For production work with tight deadlines, a practical compromise is to use Brute Force secondary GI but limit it to 2-3 bounces. This catches the critical first-bounce indirect illumination where leaks are most visible, while still keeping render times manageable.

Prevention: Scene Setup Practices

The best fix is prevention. In every interior scene, establish these practices from the start:

  • Minimum wall thickness of 12 cm in all architectural models. Never use single-plane walls for interiors, even if the client provides them from their CAD export.
  • Seal all geometry gaps. The number one hidden cause of light leaks is small gaps at wall-floor or wall-ceiling junctions that are invisible at normal zoom levels but visible to the LC sampler. Use the MaxScript thin geometry detector above to audit your scene.
  • Separate interior and exterior lighting passes when possible. Use V-Ray's Light Select render element to isolate indirect illumination contributions and identify which light source is causing the leak.
  • Test LC settings on a cropped region before committing to a full-resolution render. Use the region render tool to render only the affected wall area at 50% resolution — this lets you iterate on LC parameters in 30-second cycles instead of waiting for full frames.

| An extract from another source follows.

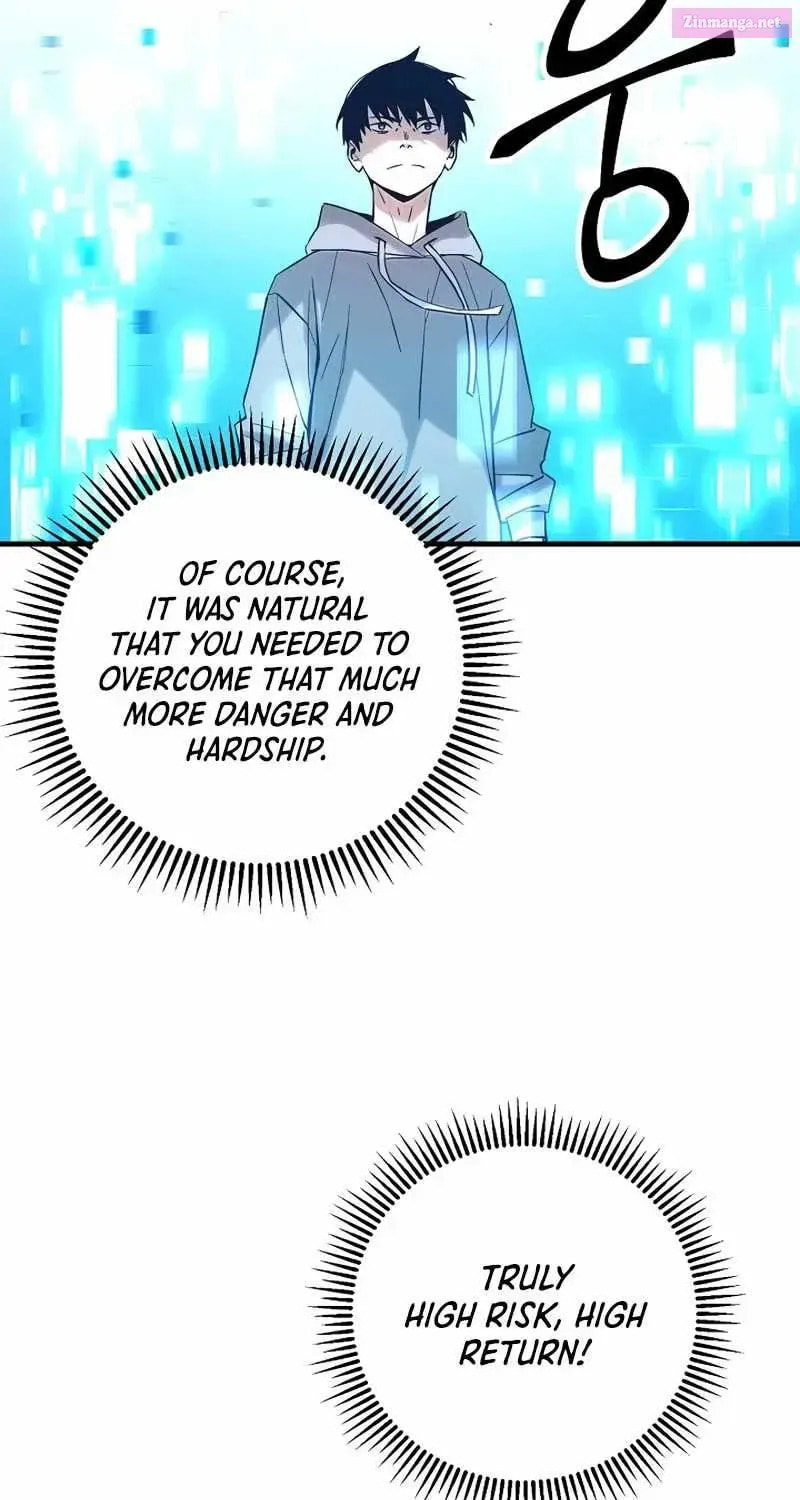 Read The Hero Returns chapter 3.1 image 91 on Lezhin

Summary: Recommended Production Settings

For a standard residential interior with 2-4 rooms and standard wall construction, these settings eliminate light cache leaks in 95% of cases while maintaining reasonable render times:

  • Light Cache Subdivs: 2000
  • Sample Size: 0.01
  • Filter: Nearest, size 0.02
  • Store Direct Light: On
  • Pre-filter Passes: 2
  • Wall Thickness: minimum 12 cm

For the remaining 5% of stubborn cases — glass partitions, decorative screens, or imported CAD models with paper-thin walls — switch secondary GI to Brute Force with 8-12 subdivisions and accept the render time increase. Your client will never accept visible light leaks in a final delivery, and the 20 minutes of extra render time is always cheaper than the revision cycle of trying to fix it in post.